USK Wisuda 1.683 Lulusan, Rektor Tekankan Empati dan Peran Nyata untuk Aceh

Banda Aceh, Infoaceh.net – Universitas Syiah Kuala (USK) Banda Aceh kembali meluluskan sebanyak 1.683 wisudawan pada periode November 2025 – Januari 2026 dalam prosesi wisuda ke-168 yang berlangsung khidmat di Gedung AAC Dayan Dawood, Darussalam, Rabu (25/2/2026).

Prosesi tersebut dipimpin langsung oleh Rektor USK, Prof Dr Ir Marwan, yang dalam sambutannya menyampaikan rasa bangga dan apresiasi atas capaian para lulusan.

Ia menegaskan gelar akademik bukanlah sekadar simbol keberhasilan pribadi, melainkan amanah besar untuk berkontribusi nyata bagi masyarakat, bangsa dan daerah.

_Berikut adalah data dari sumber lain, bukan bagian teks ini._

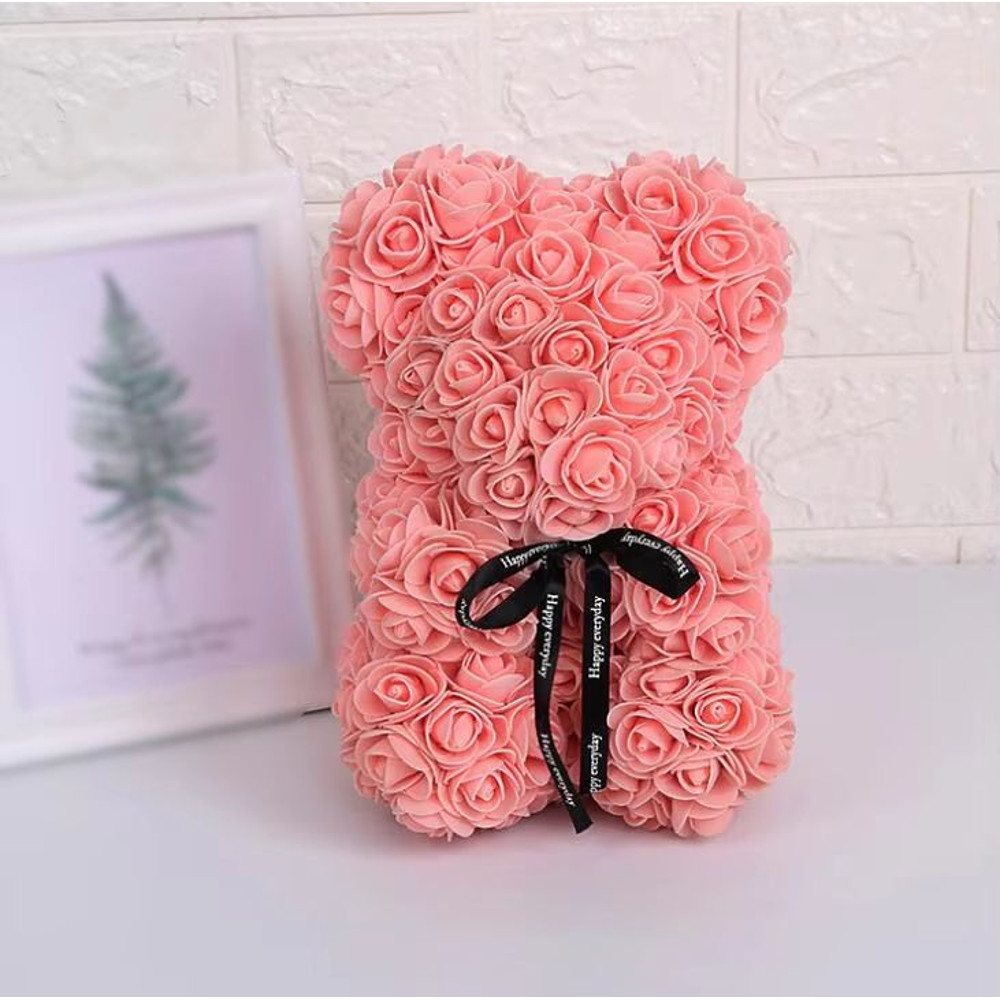 25cm Rose Bear Artificial Flower Gift For Girlfriend Anniversary Valentines Day 18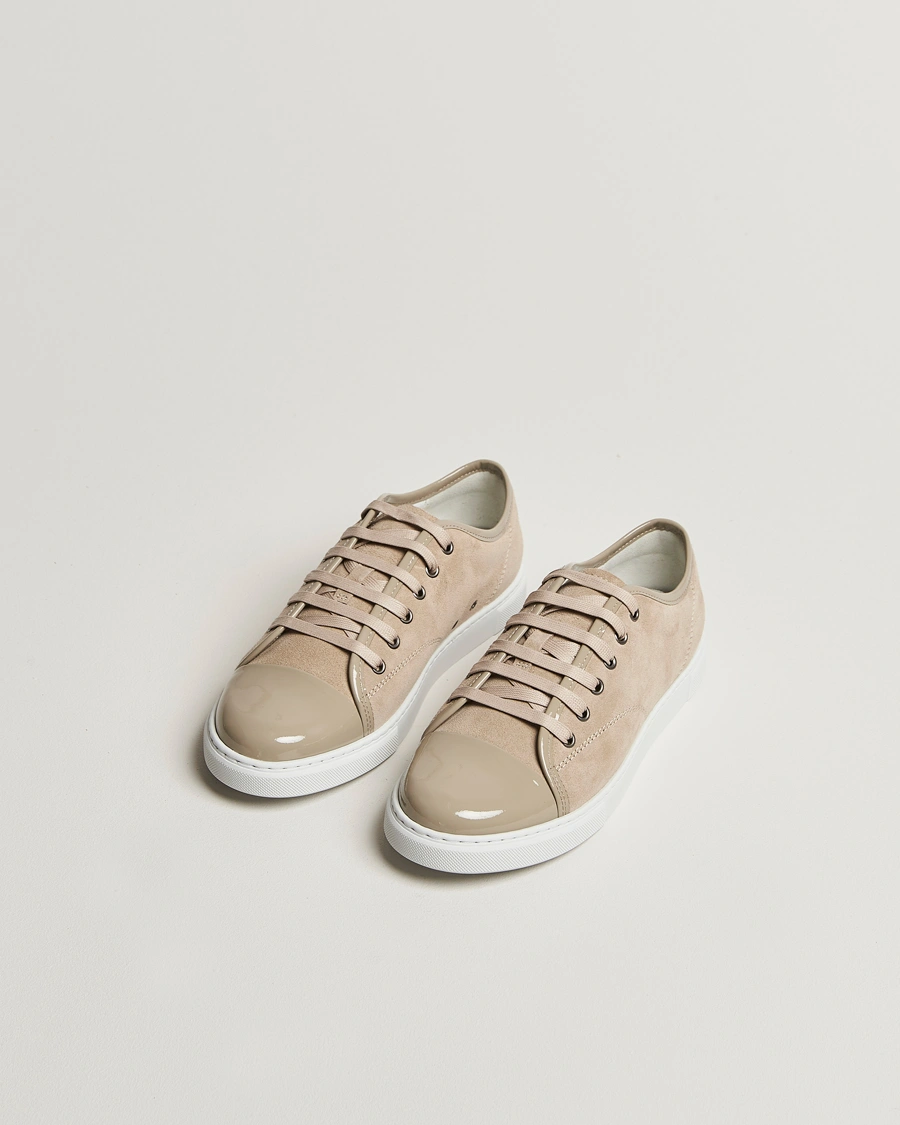 Herr | Gifts for Her | Lanvin | Womens Patent Cap Toe Sneaker Beige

“Gelar yang saudara sandang hari ini adalah tanggung jawab moral dan intelektual. Ilmu pengetahuan harus menghadirkan solusi serta empati di tengah berbagai persoalan yang dihadapi masyarakat,” ujar Prof. Marwan di hadapan para wisudawan dan keluarga.

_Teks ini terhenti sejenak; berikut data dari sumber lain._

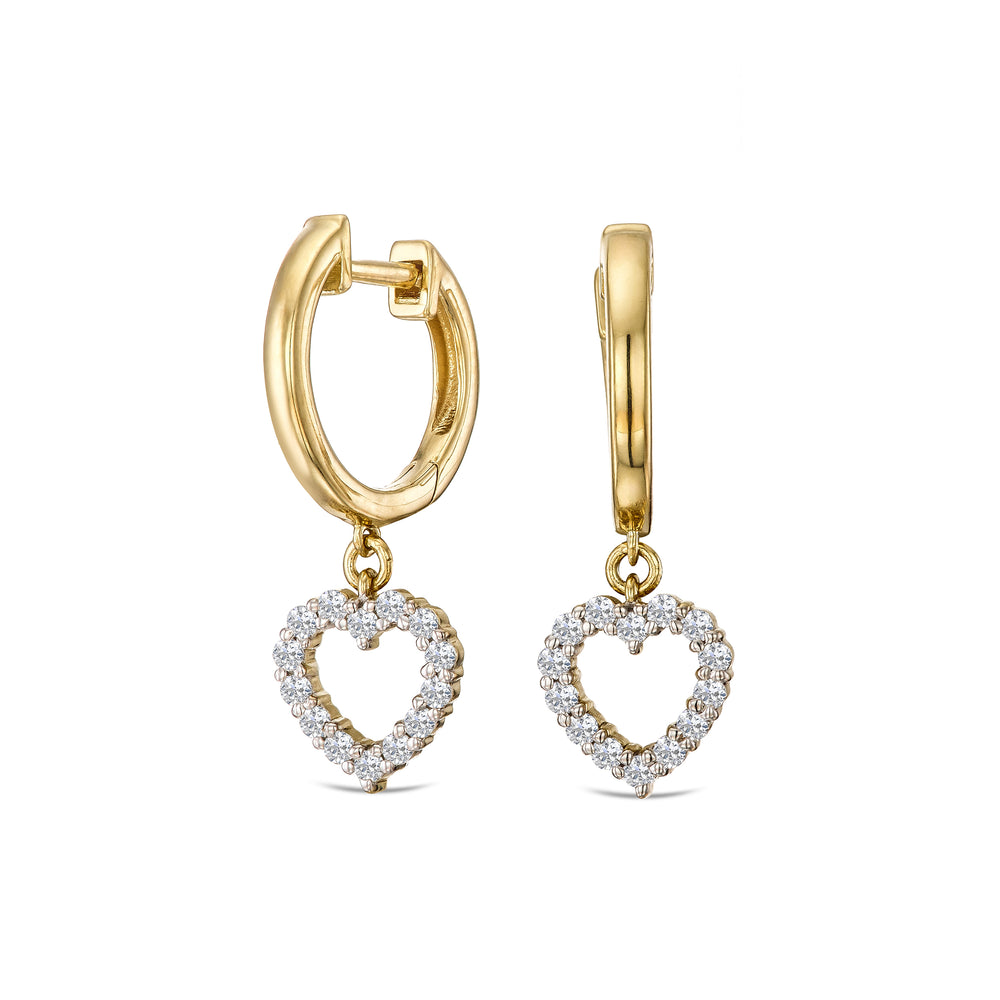 Heart Drop Huggie Lab Diamond Earrings 0.31ct in 18k Gold Vermeil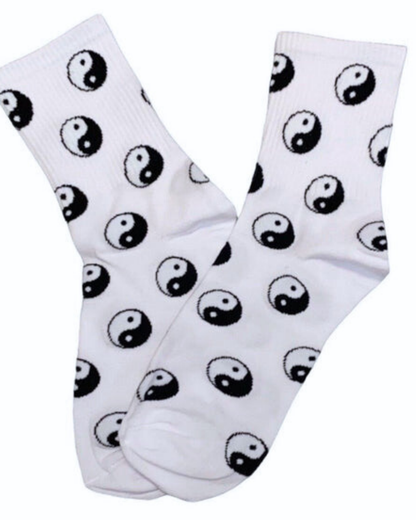 White Yin Yang Socks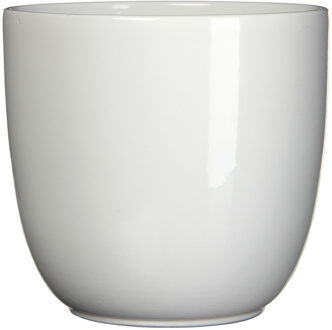 Mica Decorations Bloempot/plantenpot - wit - keramiek - D25 cm x H23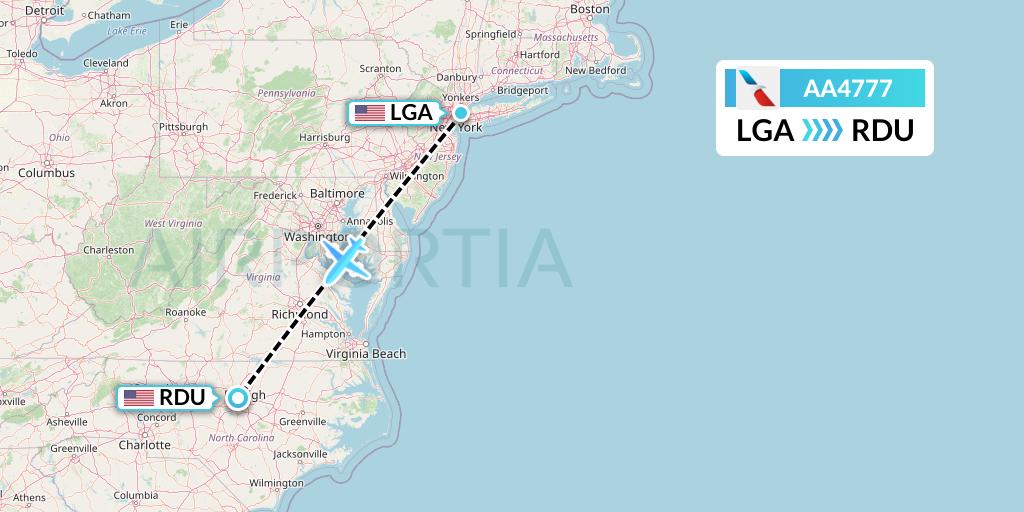 AA4777 American Airlines Flight Map: New York to Raleigh-Durham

Dalam pidatonya, Rektor USK turut menyinggung kondisi Aceh yang baru-baru ini dilanda banjir akibat Siklon Senyar.

Ia menekankan perguruan tinggi tidak boleh abai terhadap situasi sosial dan kemanusiaan di sekitarnya.

USK, kata dia, telah membuktikan komitmennya melalui sejumlah terobosan dan langkah konkret.

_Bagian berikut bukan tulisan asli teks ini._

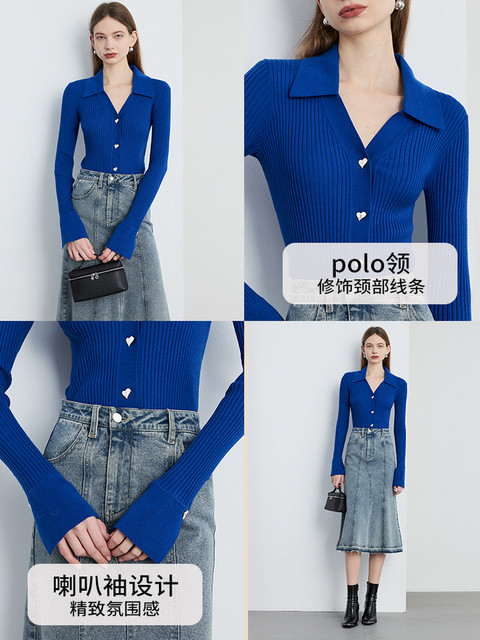 DPLAY2025 Spring Temperament Blue Sweater Slim Knitted Cardigan Top Sweater Women's Knitted Sweater
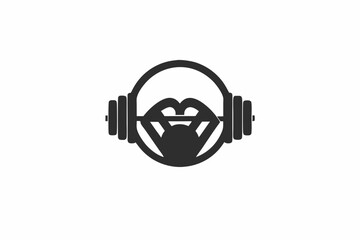 creative weightlifting icon and logo vector illustration  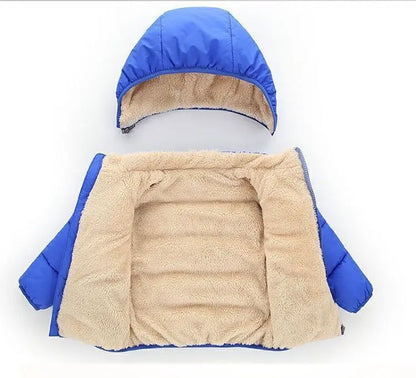 Winter Boy's Warm down Parka Fleece Lined Windbreaker Hooded Coat Kids Cotton Thicken Thermal Padded Fashion Outerwear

Di antaranya kebijakan afirmatif berupa keringanan hingga beasiswa Uang Kuliah Tunggal (UKT) bagi 3.706 mahasiswa yang terdampak bencana.

Selain itu, kampus yang dikenal sebagai “Jantong Hatee Rakyat Aceh” tersebut juga menyalurkan bantuan kemanusiaan melalui Rumah Amal Masjid Jamik, menghadirkan layanan kesehatan primer, serta melakukan pembersihan sanitasi di wilayah terdampak.

Tidak hanya itu, sebanyak 719 mahasiswa diterjunkan dalam program KKN Tematik Kebencanaan dan 1.050 mahasiswa mengikuti program “Mahasiswa Berdampak” di berbagai lokasi terdampak bencana.

“Langkah ini adalah cerminan bagi wisudawan bahwa ilmu pengetahuan haruslah menghadirkan manfaat dan empati bagi masyarakat luas,” tegasnya.

Ratusan Lulusan Raih Cum Laude

Pada periode wisuda ke-168 ini, USK juga mencatatkan prestasi membanggakan. Sebanyak 434 wisudawan berhasil meraih predikat pujian (Cum Laude), menunjukkan kualitas akademik yang semakin kompetitif.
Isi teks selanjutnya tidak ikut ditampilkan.